Research

I have a background in statistics, survey data science, and ML. I earned my Ph.D. degree from the University of Michigan in 2021. Supervised by professors Michael R. Elliott and Carol A. C. Flannagan, my doctoral research was focused on robust and scalable Bayesian approaches for finite population inference about big unstructured data as large-scale non-probability samples (find the full-text of my dissertation here). I have authored several papers and open-source code during my research, which can be found in Google Scholar and GitHub profiles. The wide reliance of such methods on flexible prediction modeling has led me to develop my theoretical knowledge and skills in ML, with more focus on Bayesian learning, e.g. BART and GP, which are not only robust but also permit quantifying the prediction uncertainty. Since survey data come with additional complexities in the sample design and data structure, I developed my knowledge and expertise on how to properly account for sampling weights and sampling clusters and at the same time, propagate the uncertainty of model prediction when training different ML algorithms.
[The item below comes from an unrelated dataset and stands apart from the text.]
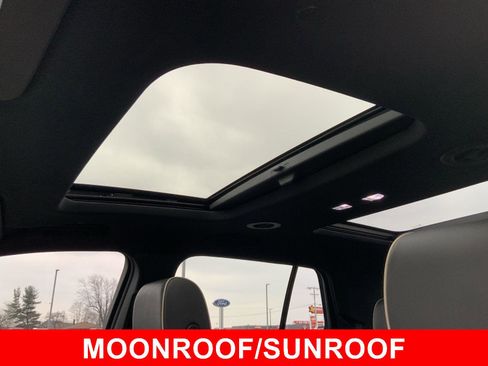 Used 2023 Chevrolet Traverse Premier w/ Redline Edition image 4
It’s now about three years since I started my career at Meta as a Research Scientist, where I had a chance to apply my knowledge and skills to solve a variety of business-related problems. For instance, I helped mitigate the sampling errors in some on-platform surveys by building automated pipelines that employ Bayesian ML techniques to estimate the pseudo-weights of survey respondents. Playing a central role as a sampling/weighting expert within the team brought me a wide range of responsibilities from conducting ad-hoc analyses to feature engineering, data processing, and model optimization, which also required extensive collaboration with XFN teams as well as external academic partners. My expertise also concerns advanced causal inference methods for addressing complex business hypotheses. At Meta, I used this expertise when conducting a panel study embedded in a large-scale experiment to test some critical business-related theoretical DAGs in the presence of time-varying mediators. Furthermore, I conducted graph cluster experiments to validate the formulas used for estimating network effect in user engagement where I developed linearization methods to quantify the associated uncertainty under the complex correlation structure of the data. Where needed, I also proposed novel tools, e.g. a stat test for comparing weighted means of partially correlated/overlapping samples, or a design-based method for mix-shift analysis, and used Monte Carlo simulation studies to assess their performance.
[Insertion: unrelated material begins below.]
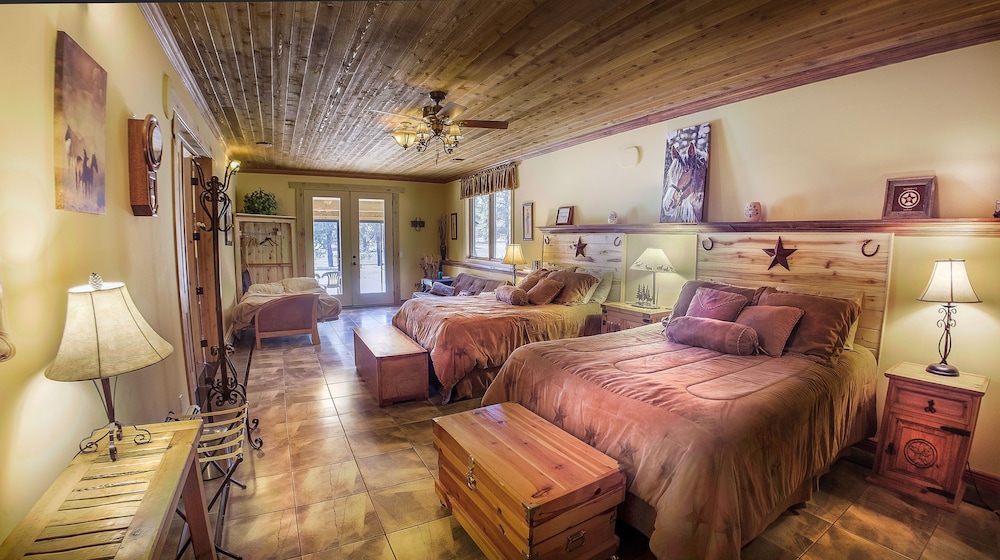 Classic Suite, 1 Bedroom, Accessible, Private Bathroom photo 1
With the invention of transformers and the widespread use of generative models in training LLMs, my attention was turned to how I can use my theoretical knowledge of probability and statistics as well as my practical experience in building more responsible, trustworthy, and uncertainty-aware AI systems. This is mainly because the research community finds a huge gap in LLMs where outputs lack warning the user of the uncertainty and unfairness of their response. This led me to expand my knowledge and skills in deep neural networks, natural language processing, reinforcement learning, and metrics used for model evaluation in this context. Currently, I am passionate about developing scalable methods that establish a unified framework for mitigating fairness and propagating uncertainty when training ML models, especially deep generative models, using non-parametric Bayesian methods. You will see more about my reserach findings as well as relevant open-source code in this area in the near future.